■ RECORDS SUPPLIED
BEGIN

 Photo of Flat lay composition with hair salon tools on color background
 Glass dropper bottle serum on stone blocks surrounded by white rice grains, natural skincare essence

END
BEGIN

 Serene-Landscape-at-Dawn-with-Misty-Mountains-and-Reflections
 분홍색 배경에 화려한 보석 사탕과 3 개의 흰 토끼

END

■ WHAT YOU NEED TO DO
Your task for the entries above: copy exactly the span starting with the line with "Photo of Flat" and going on through the line with "Glass dropper bottle", both lines included, and nothing else.

■ SOLUTION TO THE PROBLEM
 Photo of Flat lay composition with hair salon tools on color background
 Glass dropper bottle serum on stone blocks surrounded by white rice grains, natural skincare essence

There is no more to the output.